▸ **DIRECTIONS FOR THIS TASK**: Transcribe all the data, leaving each word as it is.

▸ **DATASET SECTION**:
Segment Open
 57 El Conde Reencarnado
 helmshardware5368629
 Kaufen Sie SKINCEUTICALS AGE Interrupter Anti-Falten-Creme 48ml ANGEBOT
Segment Closed
▸ **ANSWER FOR THE TASK**:
 57 El Conde Reencarnado
 helmshardware5368629
 Kaufen Sie SKINCEUTICALS AGE Interrupter Anti-Falten-Creme 48ml ANGEBOT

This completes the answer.